The death benefit, cash surrender value and premiums for the basic coverage are fully guaranteed. You may opt to pay insurance premium over a period of 10 years, 20 years or until age 100. You may also receive dividends each year, which can be paid according to your choice among the four dividend options available, (1) Paid up additions (PUA), (2) Annual premium reduction, (3) Payable in cash or (4) Deposit with interest.
A parent or grandparent who wants to offer a strong financial base for your children and grandchildren and guarantee their future insurability while they are young and are in good health. This insurance provides coverage with potential for growth over a long term as well as the possibility of paying the premium early or having premiums paid from the dividend that policy earns.
A professional with excess liquidity and strong income base. You could maximize your long-term value of the estate to reduce estate’s tax expense and have access to liquidity from cash value to use for projects or enjoy that extra income in retirement age.
A business owner wanting a permanent insurance solution with flexibility to access liquidity. Or wanting a robust form of financial protection in the event of loss of a key employee or business associate to ensure your firm’s succession. You could also benefit from privileged access to asset classes normally reserved for the institutional market.
Based on your objectives, you could benefit from your dividends in 4 ways. You can change the option how you want to use dividends anytime based on your changing needs.
Option 1: Paid-up additions (PUA)
With this option, you could use dividends to purchase paid-up insurance which in turn favours growth of your estate. This option maximizes the coverage amount and increases total cash surrender value.

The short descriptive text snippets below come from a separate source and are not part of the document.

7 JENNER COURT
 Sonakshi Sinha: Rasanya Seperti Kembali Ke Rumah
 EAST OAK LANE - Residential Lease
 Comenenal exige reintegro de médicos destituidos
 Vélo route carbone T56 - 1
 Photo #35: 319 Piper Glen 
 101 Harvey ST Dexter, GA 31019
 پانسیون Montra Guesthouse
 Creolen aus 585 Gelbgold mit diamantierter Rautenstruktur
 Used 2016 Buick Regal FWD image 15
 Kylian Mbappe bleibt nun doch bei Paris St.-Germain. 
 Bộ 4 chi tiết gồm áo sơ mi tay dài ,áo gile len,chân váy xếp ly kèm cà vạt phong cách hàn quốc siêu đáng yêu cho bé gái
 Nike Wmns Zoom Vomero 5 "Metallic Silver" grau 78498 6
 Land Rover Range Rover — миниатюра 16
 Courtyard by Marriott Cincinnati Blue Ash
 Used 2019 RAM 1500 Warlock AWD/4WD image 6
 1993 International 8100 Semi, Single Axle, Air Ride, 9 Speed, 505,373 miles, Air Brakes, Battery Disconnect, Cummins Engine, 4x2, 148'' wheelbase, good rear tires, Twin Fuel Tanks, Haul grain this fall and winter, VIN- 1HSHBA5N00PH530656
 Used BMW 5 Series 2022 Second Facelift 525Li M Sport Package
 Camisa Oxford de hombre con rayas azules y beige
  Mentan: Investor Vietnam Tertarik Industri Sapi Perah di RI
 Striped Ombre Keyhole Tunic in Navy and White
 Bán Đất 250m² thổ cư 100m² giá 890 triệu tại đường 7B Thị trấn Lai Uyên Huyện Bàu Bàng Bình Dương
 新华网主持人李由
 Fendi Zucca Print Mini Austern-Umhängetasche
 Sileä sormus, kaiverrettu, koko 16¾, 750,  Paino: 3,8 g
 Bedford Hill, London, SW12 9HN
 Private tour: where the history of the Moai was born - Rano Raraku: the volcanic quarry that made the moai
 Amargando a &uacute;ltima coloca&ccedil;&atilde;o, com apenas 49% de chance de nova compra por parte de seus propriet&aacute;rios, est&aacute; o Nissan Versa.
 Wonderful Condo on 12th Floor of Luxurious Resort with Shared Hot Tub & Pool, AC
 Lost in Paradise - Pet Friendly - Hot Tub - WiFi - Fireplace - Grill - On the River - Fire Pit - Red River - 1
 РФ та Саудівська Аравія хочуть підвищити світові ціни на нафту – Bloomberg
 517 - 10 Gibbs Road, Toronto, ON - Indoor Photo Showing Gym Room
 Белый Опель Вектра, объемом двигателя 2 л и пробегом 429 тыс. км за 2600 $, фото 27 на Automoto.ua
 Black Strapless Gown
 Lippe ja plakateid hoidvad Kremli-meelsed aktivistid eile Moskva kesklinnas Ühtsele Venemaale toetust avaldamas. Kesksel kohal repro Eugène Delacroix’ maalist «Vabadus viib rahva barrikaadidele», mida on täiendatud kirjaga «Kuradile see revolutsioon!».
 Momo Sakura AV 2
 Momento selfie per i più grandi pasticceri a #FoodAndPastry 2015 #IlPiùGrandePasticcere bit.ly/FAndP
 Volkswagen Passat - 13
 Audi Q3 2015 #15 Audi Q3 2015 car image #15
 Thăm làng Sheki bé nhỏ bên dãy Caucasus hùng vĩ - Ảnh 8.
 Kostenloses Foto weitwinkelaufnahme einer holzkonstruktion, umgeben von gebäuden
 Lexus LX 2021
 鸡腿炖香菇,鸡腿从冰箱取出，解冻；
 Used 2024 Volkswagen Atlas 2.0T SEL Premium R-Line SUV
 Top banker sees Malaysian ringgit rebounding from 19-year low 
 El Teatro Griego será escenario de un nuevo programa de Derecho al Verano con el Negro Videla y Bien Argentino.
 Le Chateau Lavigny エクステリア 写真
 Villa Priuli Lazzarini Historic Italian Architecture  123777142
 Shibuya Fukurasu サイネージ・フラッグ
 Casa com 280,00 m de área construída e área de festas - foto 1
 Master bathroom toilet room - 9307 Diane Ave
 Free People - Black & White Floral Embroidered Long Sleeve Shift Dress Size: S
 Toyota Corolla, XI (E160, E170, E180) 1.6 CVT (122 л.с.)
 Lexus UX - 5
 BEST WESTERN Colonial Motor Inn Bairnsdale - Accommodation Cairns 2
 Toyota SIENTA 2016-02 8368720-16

Option 2: Annual premium reduction
This option lets you use the proceeds from dividends to reduce your annual premium without affecting your coverage amount in the event of death.
Option 3: Payable in cash
You also have the option to receive your annual dividend payments in cash. Hence, you benefit from this additional source of liquidity, while maintaining your insurance coverage amount in the event of death. However, withdrawing dividends in cash could have tax implications.
Option 4: Deposit with interest
Under this option you could receive your annual dividends in a savings account managed by Insurance Company. This savings account generates interest income that is taxed at the end of the year. Therefore, this option could also have tax implications.
A participating insurance policy also has provision for additional deposit as an accelerator to maximize death benefit and cash value of the policy. This option allows you to make additional deposits which are used to obtain paid-up additions.
Another beauty of a participating life insurance policy is, it gives you access to a source of liquidity thanks to dividends or cash surrender value. You may take out cash surrender value though disability benefit, partial withdrawals, policy loans or loans with financial institutions as per provisions of the policy.
Dividends could be paid to you annually, on the policy anniversary. The amount of dividend is calculated based on returns in the various asset classes of the participating insurance account and other factors such as mortality, lapse ratio of the policies and operating costs of the company. Dividends may vary annually and may not be guaranteed though.